I know of no contemporary pediatrician who believes that the cutting of deciduous teeth causes skin rashes. But, almost all the great figures in the history of pediatrics believed firmly that teething was associated with a riety of rashes. Michael Underwood, who more than anyone else laid the foundation of modern pediatrics, wrote about tooth-rashes as follows:

A very common rash, appears chiefly in teething children, which yery much resembles the measles, and has been sometimes mistaken for it. It is preceded by sickness at the stomach, but is attended by very little fever; though the rash continues very florid for three days, like the measles, but does not dry off in the manner of that disease. . . .

While the double or eye-teeth are cutting, I have noticed a rash Which at its first appearance is very similar to the above, and has likewise been mistaken for the measles.
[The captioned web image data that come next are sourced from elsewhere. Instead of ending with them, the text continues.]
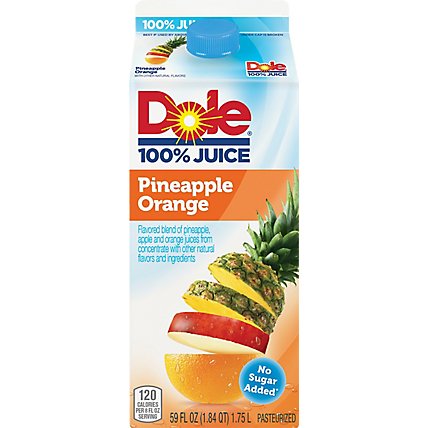 Dole Juice Pineapple Orange Chilled - 59 Fl. Oz. - Image 2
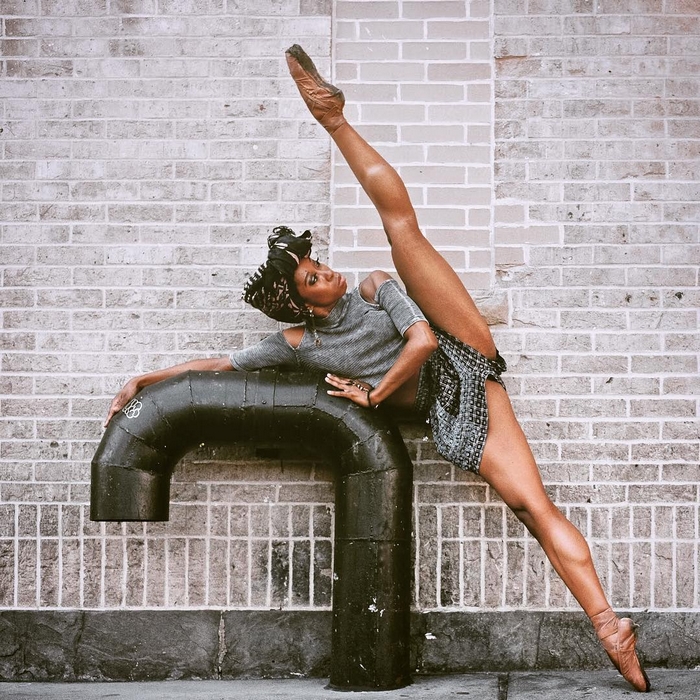 Fotógrafo Omar Roble faz série linda registrando bailarinos dançando em Manhattan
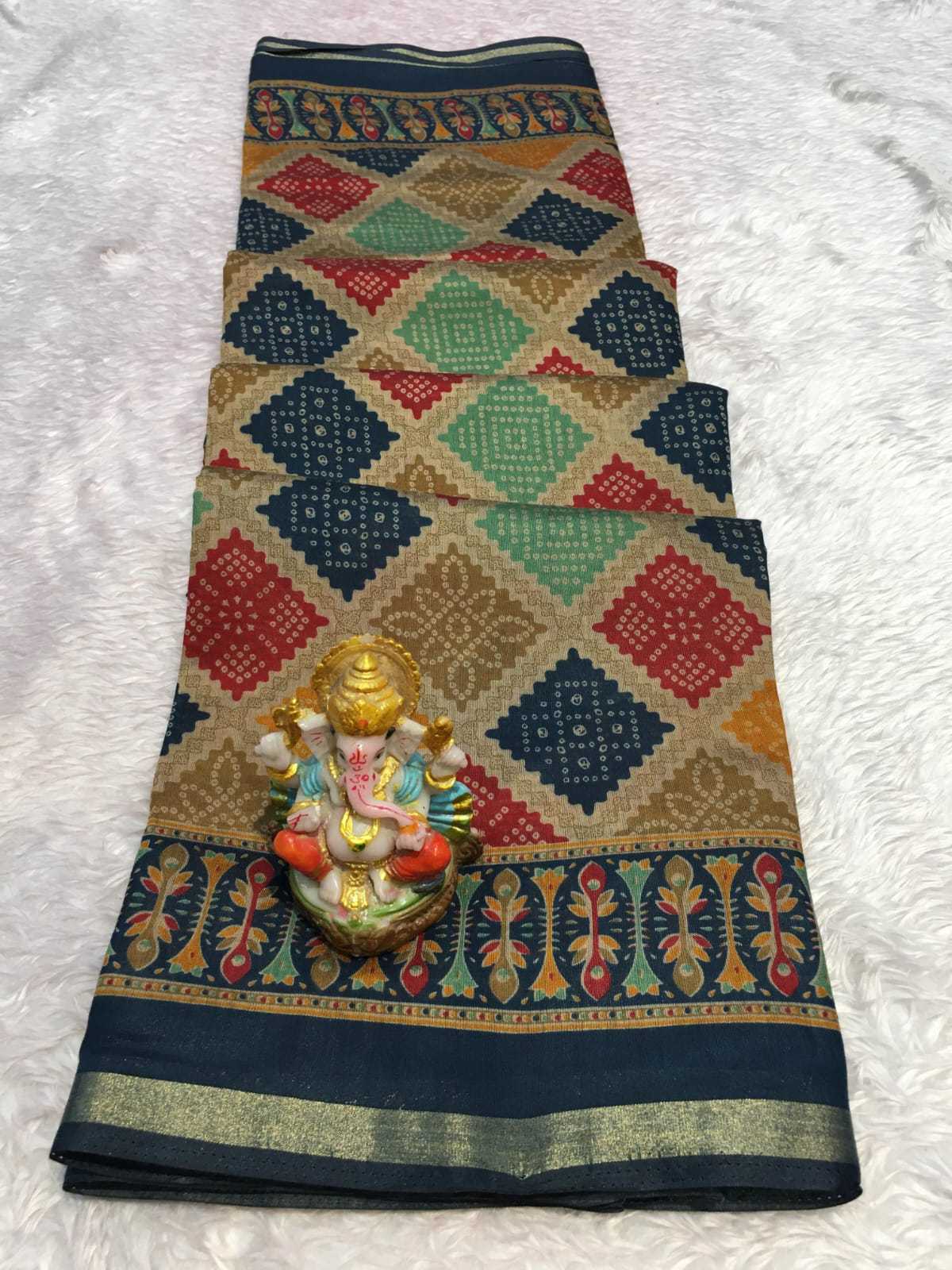 Cotton Designer Saree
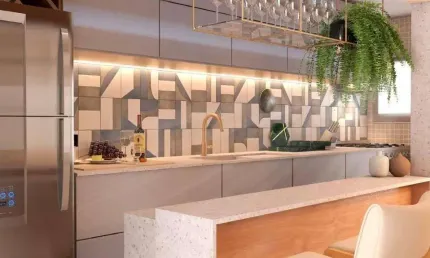 Apartamento com 2 quartos à venda na Rua Rui Barbosa, Canto do Forte, Praia Grande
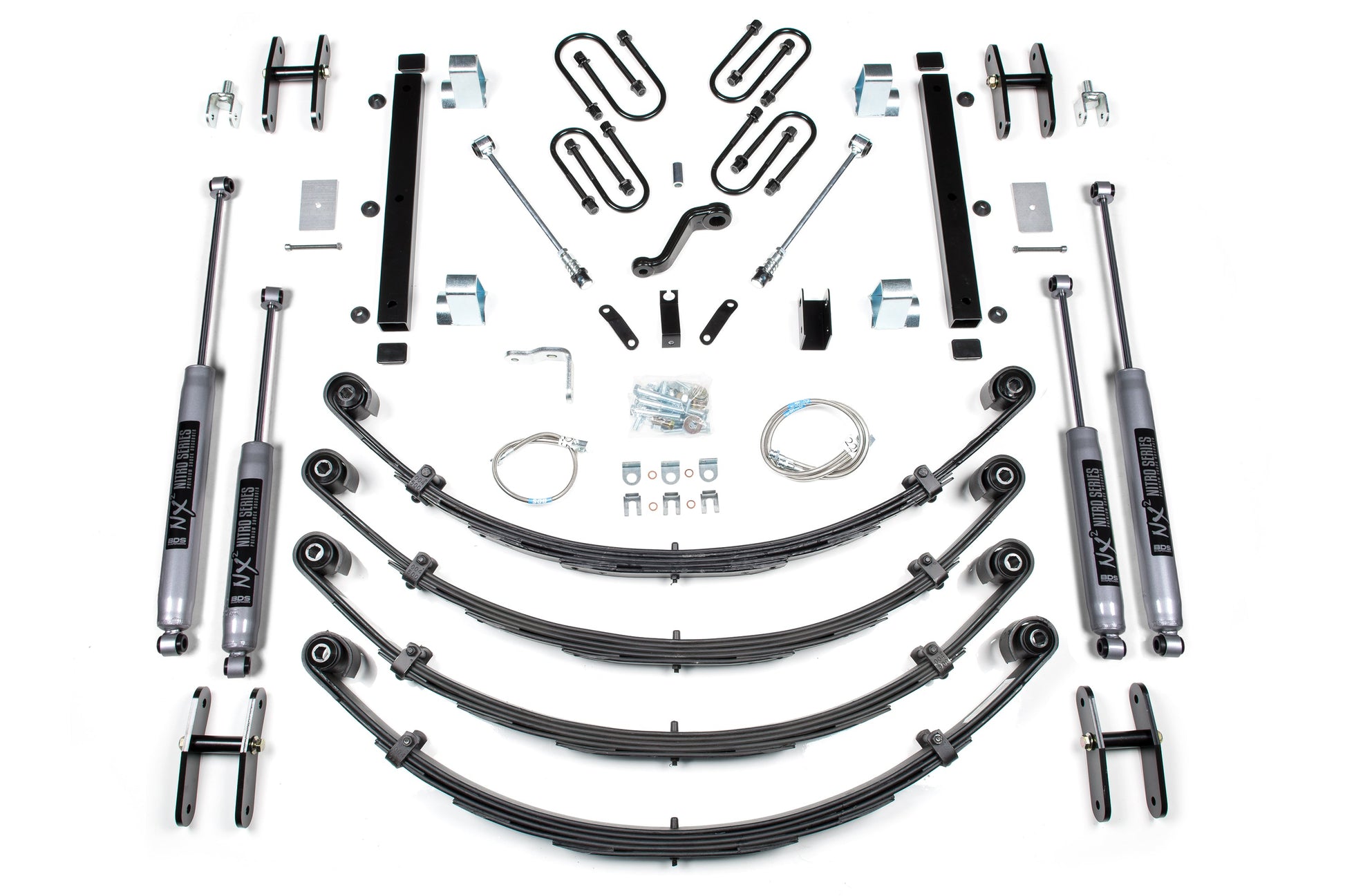 BDS Suspension 6 Inch Lift Kit | Jeep Wrangler YJ (87-95) - Trucks R Us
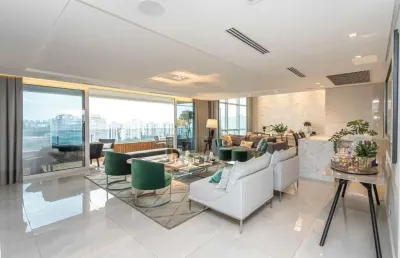 Apartamento com 4 quartos à venda na rua doutor helmuth weinmann, 100, jardim europa, porto alegre por r$ 7.999.000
It, however, soon spreads into larger spots and patches of bright red, and afterwards of a darker hue, resembling the ill-looking petechiae which appear in bad fevers, but is, nevertheless, of a benign nature. It is, indeed, attended with some fever, arising possibly from the irritation occasioned by teething, and has been followed by small and hard round tumours on the legs, which softening in two or three days, always appear as if they would suppurate, though I believe they never do . . . [? erythema nodosum, T. E. C., Jr.]

I have seen a third kind of rash, in appearance resembling the measles, and, like it, covering the whole body, but with larger intermediate patches, like the eruption in the scarlet fever. . . .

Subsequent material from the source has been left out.